Nihad Fejzić, deputy director of BiH veterinary office, said illegal importation of cattle over the Drina River from Serbia and Montenegro is known. Still, it is almost impossible to get everyone involved at the state and entities level in sync on animal regulation.
‘We at the veterinary office should have magician capacities like David Copperfield to coordinate it all’ he said.
Nada Rajković, assistant to Marinko Božić, FBiH agriculture minister, agreed that control of animal health was missing – and crucial.
‘What we do is on a local level, spending huge amounts of money for extermination of cattle and paying compensation money. We are bearing the consequences of such conduct and chaos in system, we are paying for the costs livestock extermination’ she said.
BiH citizens could be better protected against disease with the adoption of some simple fixes, experts said.
A state-level Ministry of Health clearly in charge of public health measures would be the solution of choice for Vučina of the public health institution ‘I’m not supporting the idea to have everything on the state level, but some things must be’ he said
Medical academic Grujica Žarković said people are suffering from diseases no one should suffer from. He would establish a public health agency with an epidemiology department and another department to help improve hospitals and health care.
Smajkić of the BiH Public Health Institution said unifying all existing medical agencies would be a good first step and a way to keep everyone involved in public health aware of impeding dangers
Along with a state health ministry, BiH must have a state-level agriculture ministry, Ferizbegović said.
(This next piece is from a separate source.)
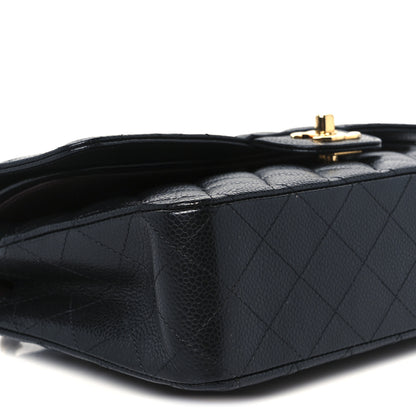 Chanel Caviar Quilted Medium Double Flap Black 10 of 12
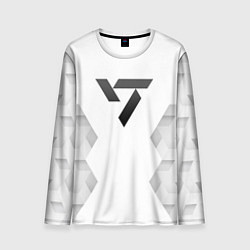 Лонгслив мужской Seventeen white poly, цвет: 3D-принт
The European Union has also suggested that.
Sretko Hadžiabdić, chief sanitary inspector in Zenica municipality, warns that the time to act is now.
‘The eleventh hour is long over’ he said. And many scientists, foreseeing the possibility of 100 million deaths around the world from bird flu if no action is taken soon, could not agree more.
‘Unless the state decides to financially support a human and animal health care system, we’ll end up in situation where we’ll have certain city areas isolated, with disease outbreaks randomly occurring.’ Hadžiabdić said.
Dr. Golubović of Banja Luka summed up the importance of decisive action soon this way: ‘Ask for whom the bell tolls. It tolls for everybody.’